Several noteworthy observations or findings were made by the monitoring/research projects during 1995/1996. The small mammal trapping project found that small mammal populations roughly doubled in the burned sequoia plot compared to preburn population densities. Fire effects plots showed overstory tree mortality varied by vegetation type: 0% red fir forest, 35% sequoia forest (no mortality of overstory sequoias was noted), and 82% in ponderosa pine forest. These plots also showed total fuel reductions of 67% (ponderosa pine forest) to 94% (red fir forest). A significant increase in giant sequoia seedlings was noted in the burned Atwell sequoia plots. Watershed sampling completed its first full water year of sampling, providing preburn data on trends within the East Fork. Initial results suggest similar annual shifts in flow, pH, and ANC (acid neutralization capacity) when compared to other Sierran watersheds.

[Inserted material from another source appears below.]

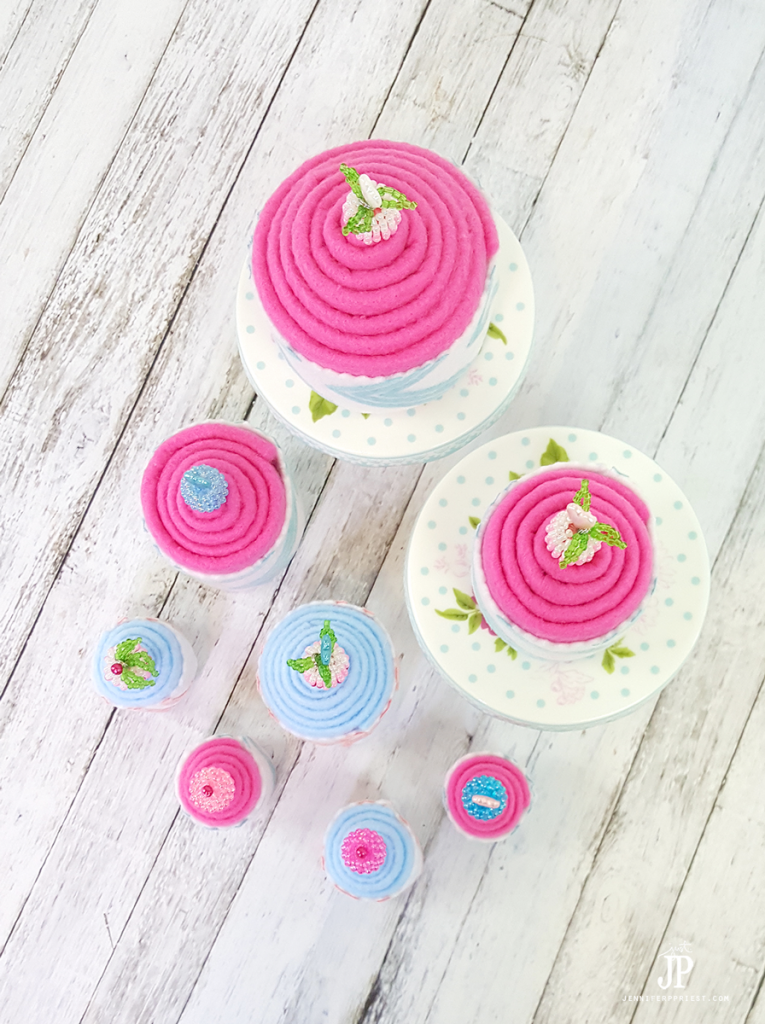 How-to-Make-Felt-Cupcakes-JenniferPPriest-KUNIN-Group-Felt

No burning was carried out in the watershed in 1996 (2,100 ac were burned during 1995) due to the severity of the fire season (over 11,000 ac were burned in Sequoia and Kings Canyon National Parks and six millions acres in the western United states during 1996) and the scarcity of resources for carrying out the burning at this scale. Burn plans for 1996 will carry over into 1997.
The MKRRP area encompasses 21,202 ha (52,369 ac) within the East Fork watershed with elevations ranging from 874 m (2,884 ft) to 3,767 m (12,432 ft). Vegetation of the area is diverse, varying from foothills chaparral and hardwood forests at lower elevations to alpine vegetation at elevations above about 3,100 m (10-11,000 ft). About 80% of the watershed is vegetated with most of the remainder being rock outcrops located on steep slopes and at high elevations.